**Task statement**
The answer is to be the lines of the material from its start through the line containing "Ninja Blenders for", each copied exactly; no pictures.
*** Provided data Section Begins ***
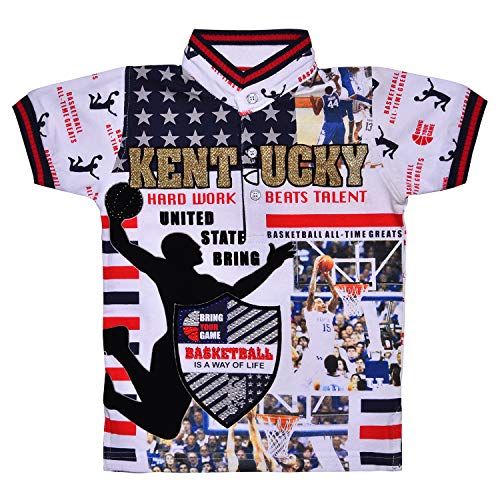 Image of Wish Karo | Boys Printed T-Shirts Multi-Color for Boys - Cotton - (T2494)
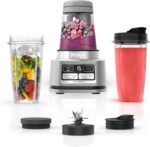 Ninja Blenders for Kitchen | Smoothie Blender, Mixer, Grinder - Premium Blending Performance for Sauces, Frozen Drinks, and More | 1200 Peak Watt Motor | SS101 Foodi Personal Smoothie Maker - Image 2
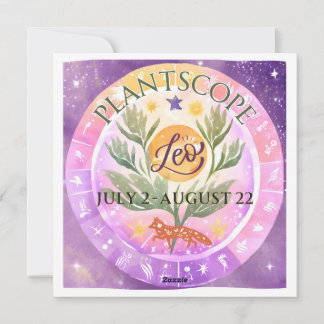 Tarjeta Festiva Sedona Plantscope: Leo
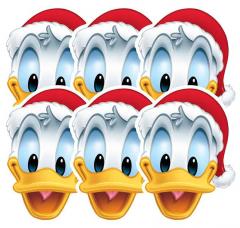 6 masques donald pour noel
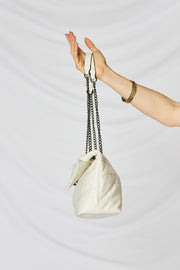 SHOMICO PU Leather Chain Handbag - Fashionmj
*** Provided data Section Ends ***
**Expected answer**
 Image of Wish Karo | Boys Printed T-Shirts Multi-Color for Boys - Cotton - (T2494)
 Ninja Blenders for Kitchen | Smoothie Blender, Mixer, Grinder - Premium Blending Performance for Sauces, Frozen Drinks, and More | 1200 Peak Watt Motor | SS101 Foodi Personal Smoothie Maker - Image 2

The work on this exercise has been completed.